Chief Judge Beryl Howell granted the couple, Ilya Lichtenstein and Heather Morgan, bond. Their parents’ homes were posted as security. “Their financial resources could be easily used to facilitate flight…and could all be used to evade” liability, the judge said.

It appears that Lichtenstein and Morgan could have been preparing to flee, as Lichtenstein had Russian citizenship before COVID-19 hit.

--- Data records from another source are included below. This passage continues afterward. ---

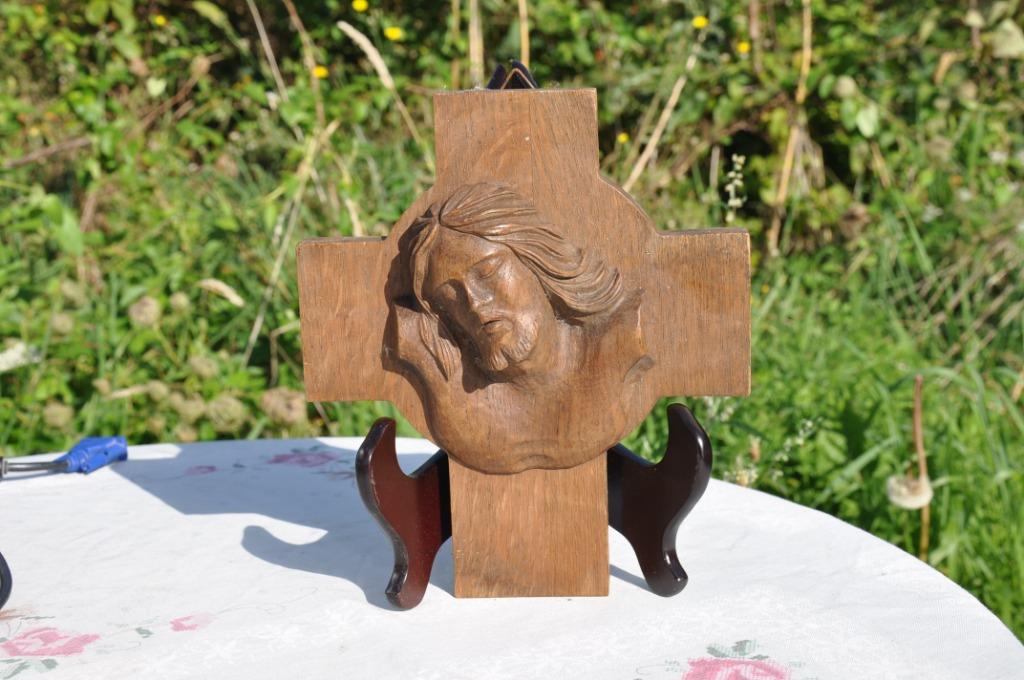 croix murale en chêne avec visage du christ, Enlèvement ou Envoi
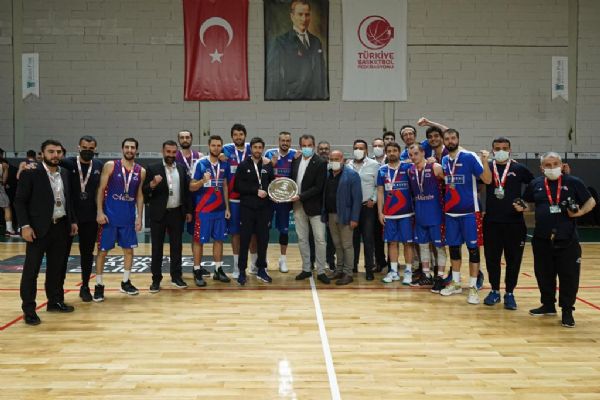 Bykehir’in Voleybol, Basketbol Ve Hentbol Branlarnda ampiyonluk Sevinci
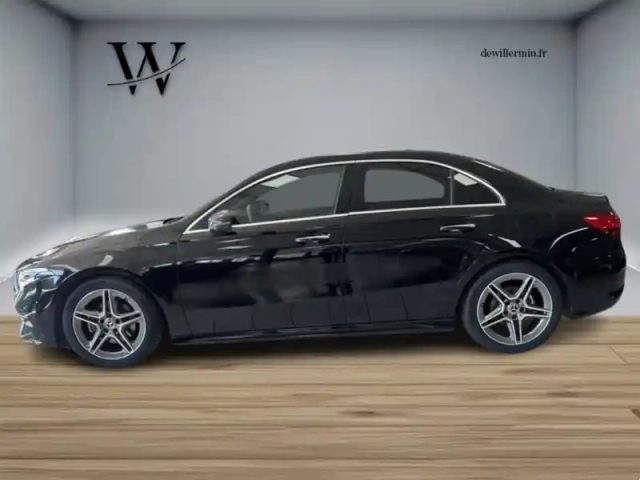 Mercedes Classe A 200 d berline amg line — photo 28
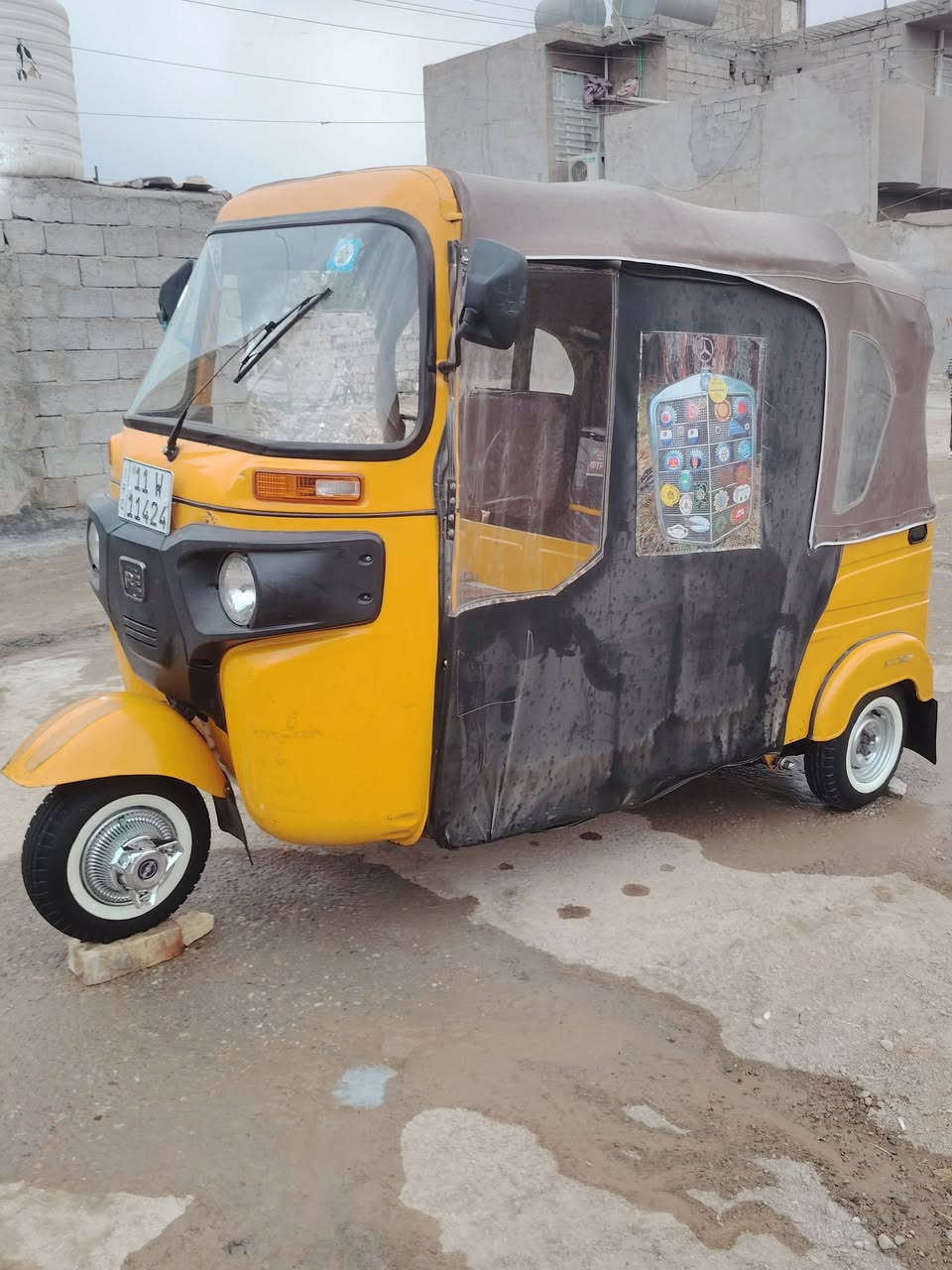 سلام عليكم تكتك للبيع موديل 22شهر العاشر بيهه بارد خفيف بلغد مكاني بغداد المعامل سعر 9وبيهه مجال شي بسيط ***********
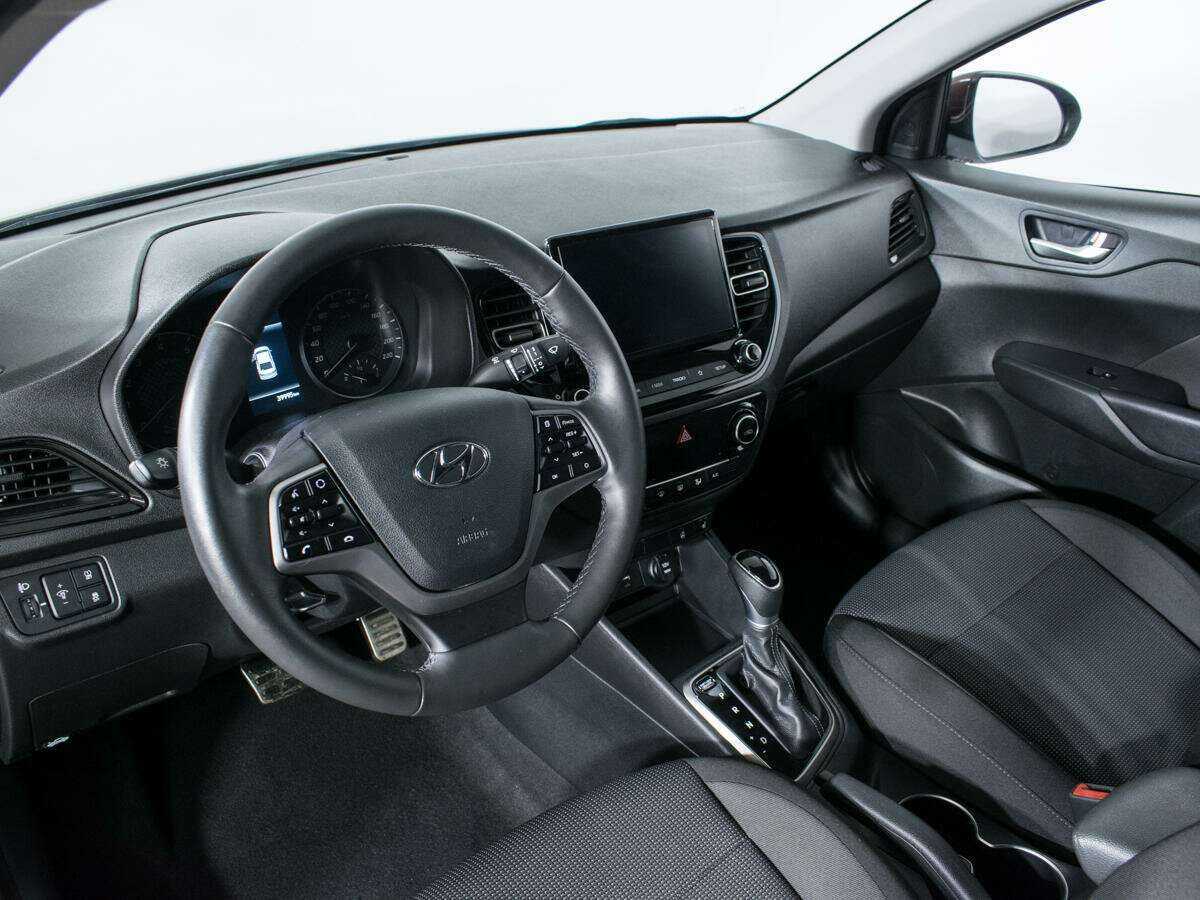 Hyundai Solaris с пробегом — 2021 год. Фото: #12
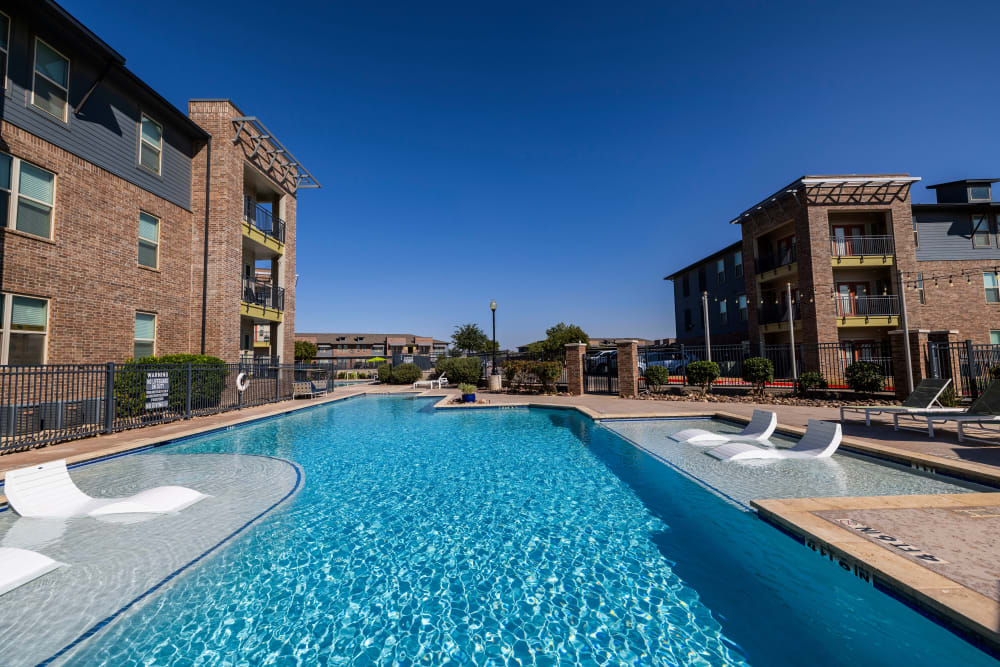In-pool tanning deck at Anatole on Briarwood in Midland, Texas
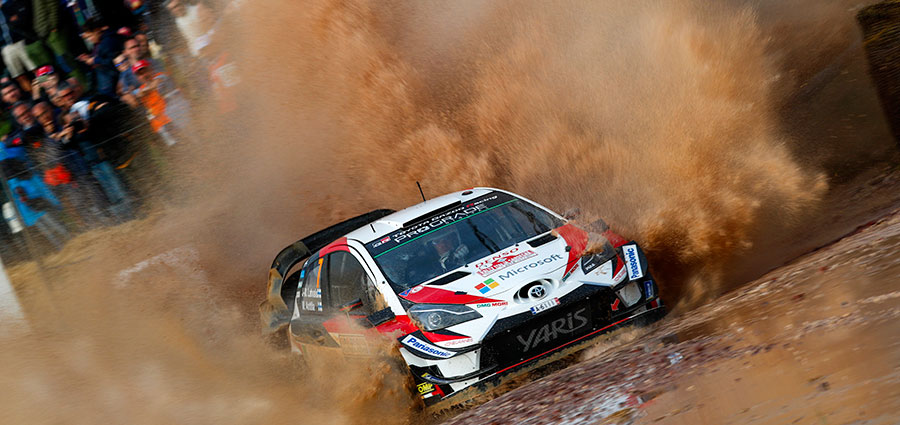 Jari-Matti Latvala con la Toyota Yaris WRC chiude alle spalle di Ogier e Neuville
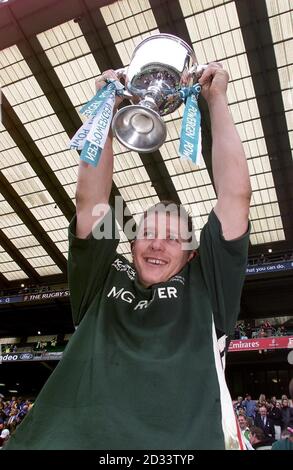 London Irish Kapitän Ryan Studwick mit dem Powergen Cup nach ihrem Sieg über Northampton, während der Rugby Union Powergen Cup Finalspiel in Twickenham. Stockfoto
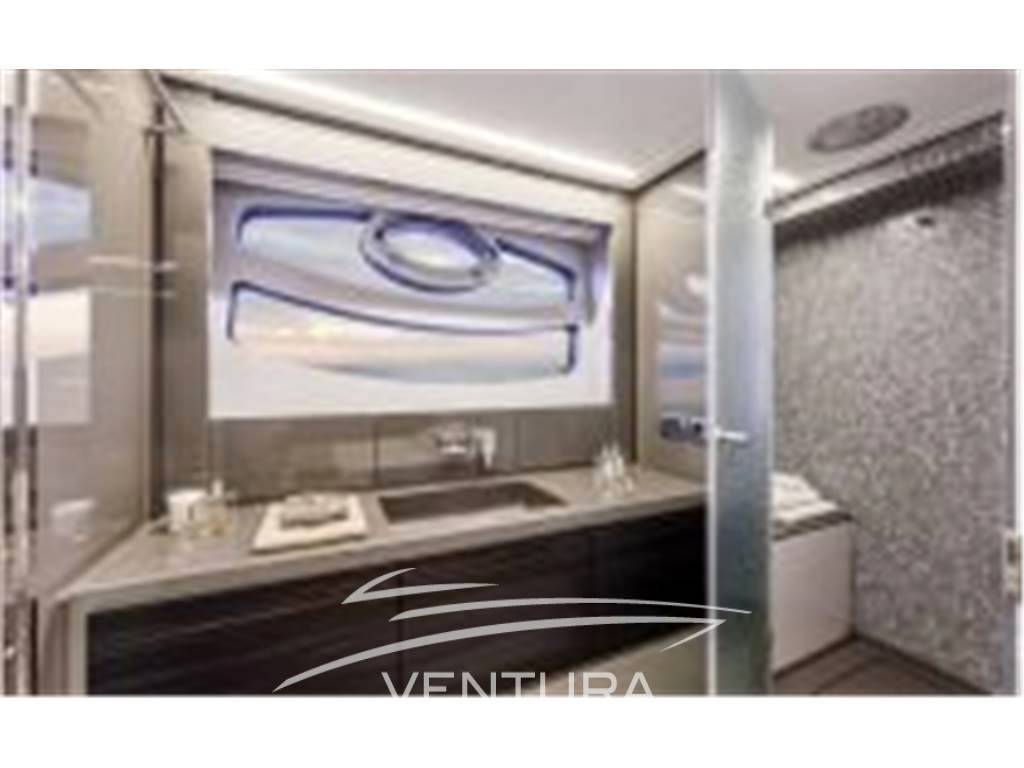 Pershing 62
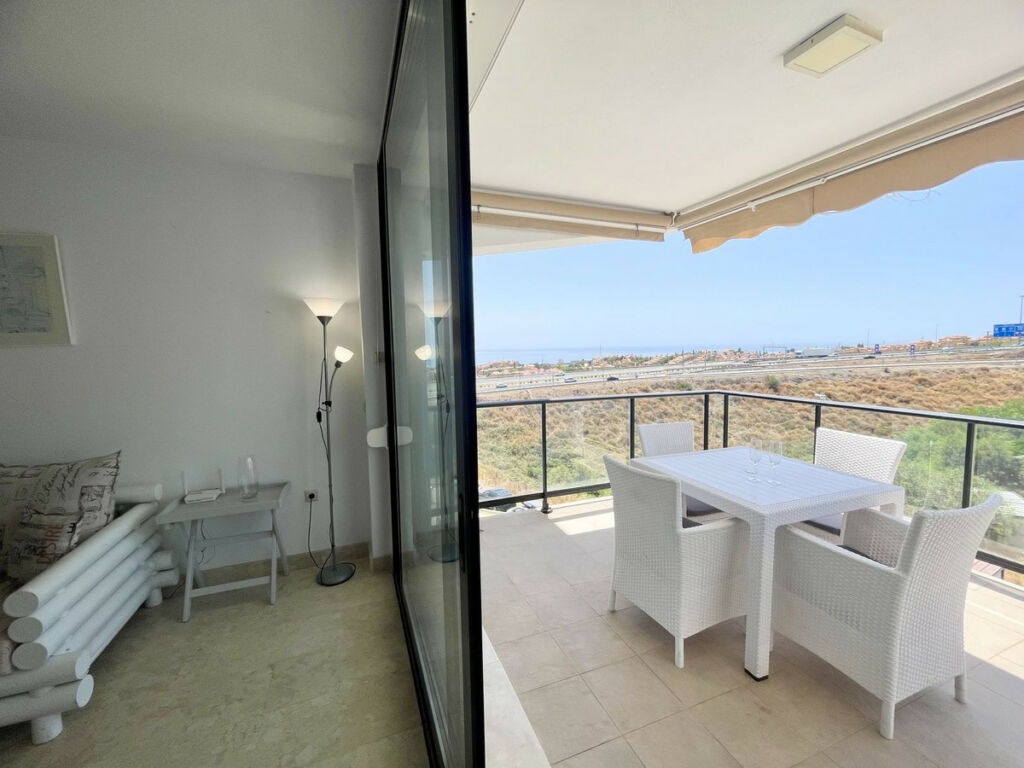 Middle Floor Apartment Riviera del Sol Málaga - image 3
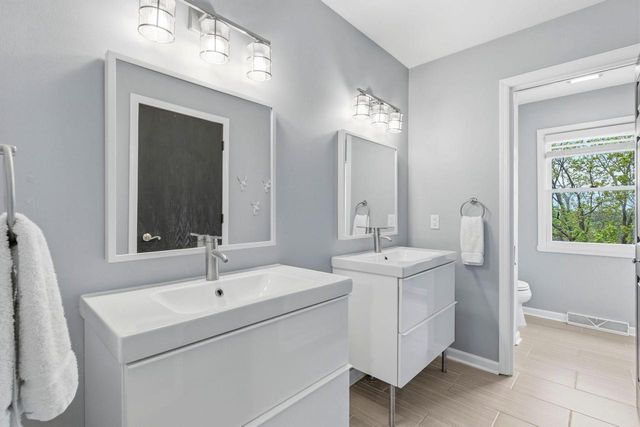 105 Mark COURT, North Prairie, WI 53153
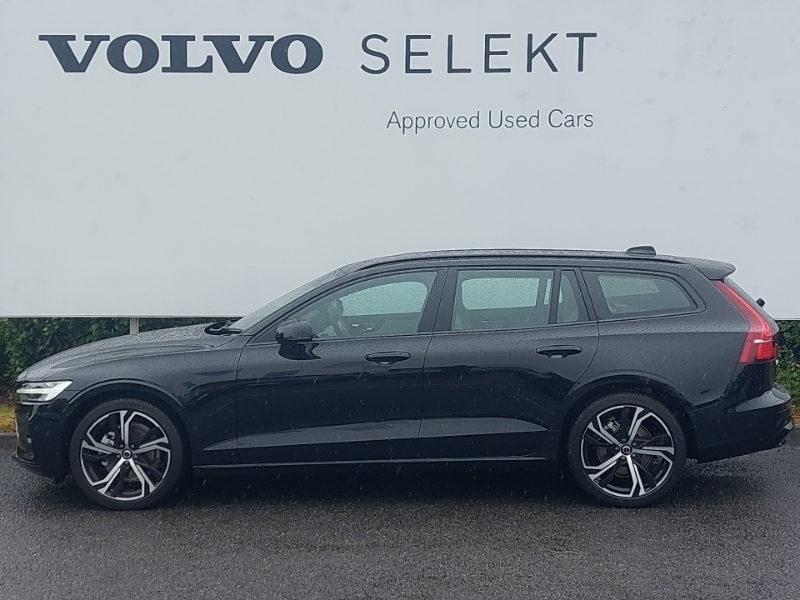 Volvo V60 2.0 B4p Plus Dark 7 Speed Black #4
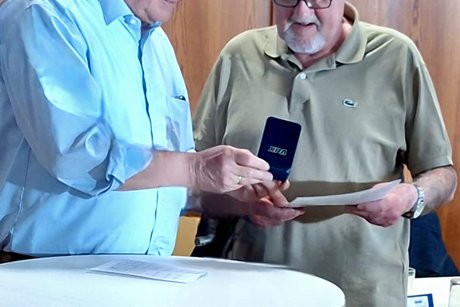 Peter Jeromin zeichnet Rudi Paschke mit der goldenen Verdienstnadel aus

A trail of bitcoin breadcrumbs in the cloud

Last week, the Justice Department seized over $3.6B in laundered bitcoin connected to the Manhattan couple. The couple had posed as seasoned crypto entrepreneurs, with Morgan adopting the persona of someone with a “fearless entrepreneurial spirit and hacker mindset.”

The funds allegedly laundered were worth $70M in 2016 when a hacker attacked Bitfinex and stole the funds via 2000 illegitimate transactions. Keys to these funds were found in the cloud storage of Lichtenstein. After this discovery, U.S. authorities took custody of the funds. However, they had not yet obtained evidence that the couple played any part in the hack.

Prosecutors said they had found counterfeit Russian identity documents on Lichtenstein’s cloud storage account for a male and female.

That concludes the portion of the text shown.